Len Grant set us a challenge to produce a piece of work that was good enough to win a commission titled ‘The Diversity of University Life’. My group consisted of Lucy Logan, Sara Lataiwesh and myself and we initially made a decision to focus on the different religious groups within the university. To begin the shooting process, we visited the Islamic prayer room next to Salford Crescent train station. It was extremely helpful to have Sara there to act as a mediator between Lucy and I and the girls that were praying. As Sara is a practicing Muslim, she knows the do’s and don’ts when entering a prayer room preventing Lucy or myself from causing any offence. For example, shoes have to be taken off before entering the prayer room, also we couldn’t directly stand in front of the girls as they were praying because that would put us in the way of Allah. Another factor that we did not consider was that males and females pray separately; the sexes cannot be mixed therefore because we did not have a male in our group, we could not enter the boys’ prayer room.

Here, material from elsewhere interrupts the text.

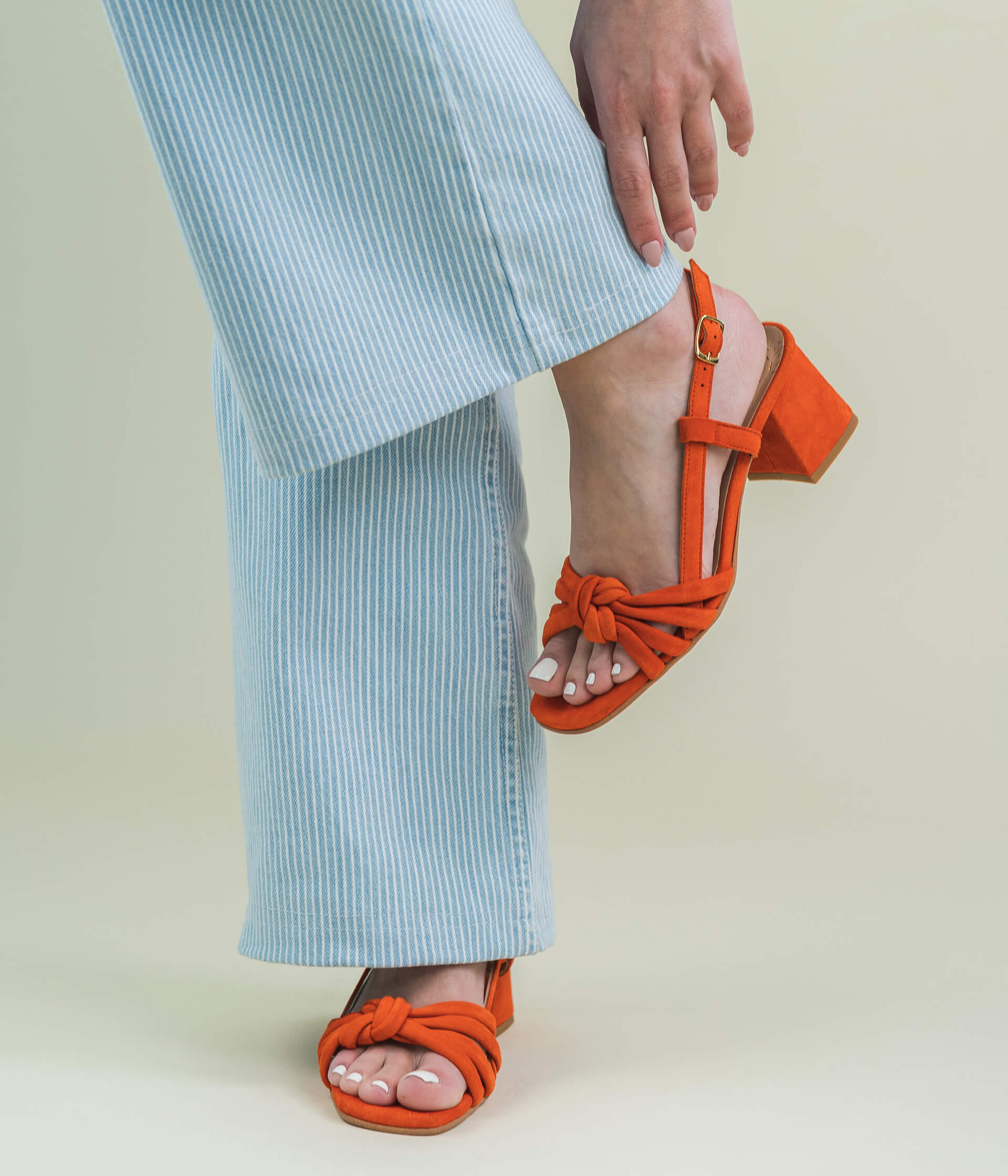 Talons orange 2025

After completing the shoot and reviewing our photographs, we decided to research when other religious groups met and which had societies as part of the University. While searching through the different groups, we stumbled across LGBT society and changed our idea dramatically. Homosexuality and religion together is a hot topic recently as gay marriage was legalised in the UK on 28th March of this year which caused a stir with the Church. Also, because of growing up in a Christian family with a lot of gay friends, I have personally experienced the hate thrown from both sides. One apparently Christian group, The Westboro Baptist Church are known around the world for their extreme ideologies against gay people. Alongside this, many gay people have a very twisted and generalised view that the Church hate them, so they hate the Church. Since we had documented the Islamic faith already, I asked Sara if this was the same across all faiths and she agreed that there was definitely a boundary there that needed to be broken.

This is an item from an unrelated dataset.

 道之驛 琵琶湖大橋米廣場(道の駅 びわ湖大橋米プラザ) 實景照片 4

University makes it possible to knock down these boundaries and makes way for acceptance and equality. A student has very little control over who they will be put in student halls with, or who will be on their course so they are forced to get to know people from all walks of life. Seeing as we had very little time left and LGBT society were not meeting for another week or so, we decided to go out and find students who would act as same sex couples for the sake of this project. It was really difficult to build up the courage to ask people, especially boys, to hold hands and have their photograph taken. We were met with mixed reactions, some people willingly agreed, some people took a bit of persuading, some people laughed but declined and some people took offence. Eventually, we had enough photographs to fill the handmade book that we had planned on making.
A couple of days later we met to complete the project. We decided to title the book ‘ANONYMOUS’ as we thought that it didn’t matter who you were, if you came to university you would be accepted. We wanted our subjects to remain unidentified and our quotes to remain anonymous so viewers could make judgments before copying other peoples’. The first page of the book reflects the concept behind the photographs. The word ‘equality’ has been written in the ten most spoken languages from around the world to show that acceptance spreads across many different cultures and languages at university. Each photograph of a homosexual couple has been met with a photograph of a girl praying to Allah. The quotes used are from a range of sources and are there to provoke deeper thinking from the viewer as to why these people should be separated into categories. University is a tool that can be used to share opinions and beliefs that eventually build stronger characters for the future.